The more ego-wasted we get, the more the party foul belief in perfection becomes a reflection of its ugly cousin ‘imperfection’.
In this state, our slurring is bound to eternally hang out in the bar thinking there’s nothing outside the saloon doors.
On the other hand, as long as we sit on that barstool with one leg in and one leg out of the establishment, it’s clear who placed the order – and what was once called suffering soon is served as nothing but discomfort.
CONSIDERATIONS
It’s fortuitous to stick to definitions of a word that are related to its root. For that’s the intent of using that word… to relate the root. Where definition strays from root, there’s little communication occurring. In those times, we can create a new word to embody our intent.
The word root of ‘per-fect’ comes from the latin, meaning ‘make’.
From just outside the playground of duality, we say, “I make nothing, I create no-thing, yet nothing is left undone’. This ‘place’ is only reached ‘between’ thought.
While bathing in thought, we relish using words and concepts like ‘god’, ‘time’, ‘spirit’, ‘soul’, and ‘time’. Yet words (and their conjured desire source) are spawned by imagination.
We do this because it provides temporary comfort that ‘description’ can get us closer to ‘knowing’, when all it does it create additional deeper reflections through newly created ‘knowledge’. No right or wrong about it, but it’s nice to know we navigate this playground through occasionally shared agreement and consent of imagined distinctions.
All ‘things’ are of the transient nature.
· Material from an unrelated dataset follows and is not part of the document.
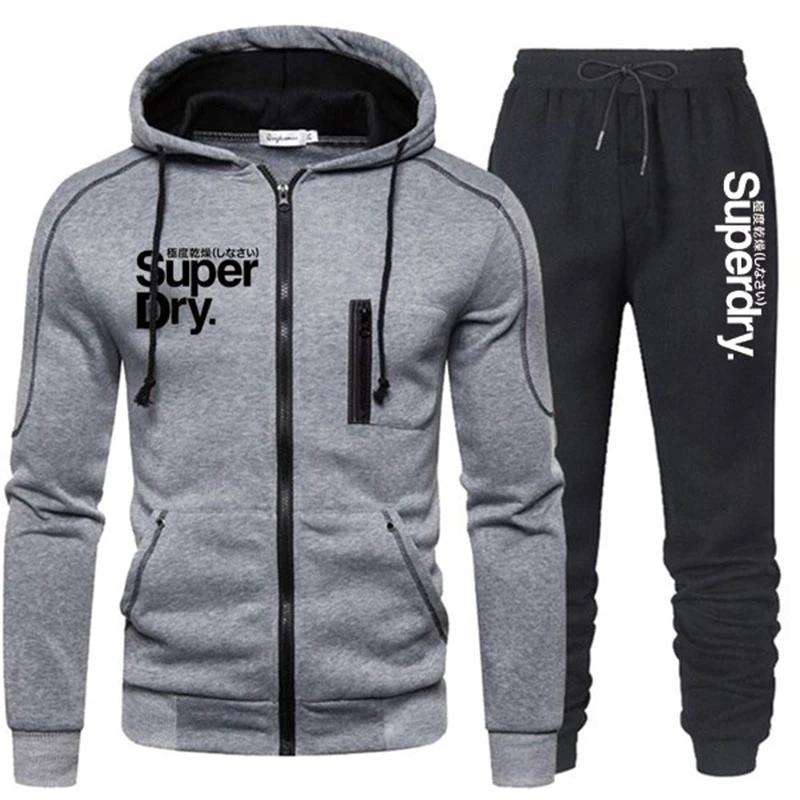 Chándal de dos piezas para Hombre, ropa deportiva, Sudadera con capucha, chaqueta y pantalón, chándal, 2020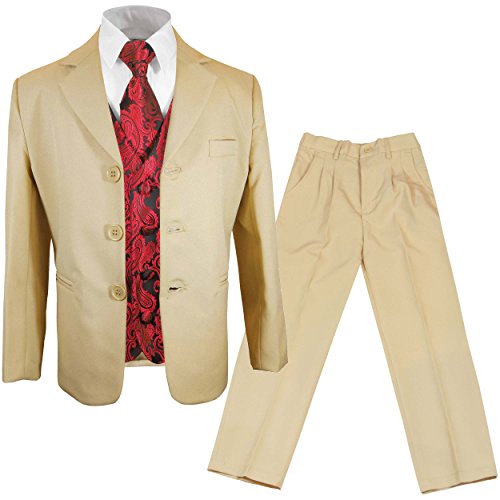 Paul Malone - Jungen Anzug/Kinder Anzug festlich beige Uni + rotes Paisley Westen Set mit Krawatte 18 von P.M. Kinderanzug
Where they ‘begin’ and ‘end’ is up to consent and agreement.
All ‘creation’ occurs from a dualistic point of view, for the very perception of ‘creating’ is transient.
Words such as ‘perfect’ are an attempt to pretend our tentative distinctions are more than a reflection of our game.
And when we accept ‘perfection’ as some-thing more than a convenient ‘thing’, we end up with ‘imperfection’. This engenders attachment to our attention on ‘things’, congealing a template where there are sensations that ‘we do or do not want’. It layers desire over a field where there doesn’t have to be. The vantage of be-ing between ‘thought bubbles’ assists us in becoming sovereign from desire. Desire no longer is an unknown reflection. We choose what we want and do not want, doing so in full awareness that we’re the gatekeeper.
The idea that any-thing is perfect is one that lends credence to perceptive vantage only. It’s like looking at muddy soil and casting judgment upon it, never seeing that the judgment is just a reflection upon ourselves.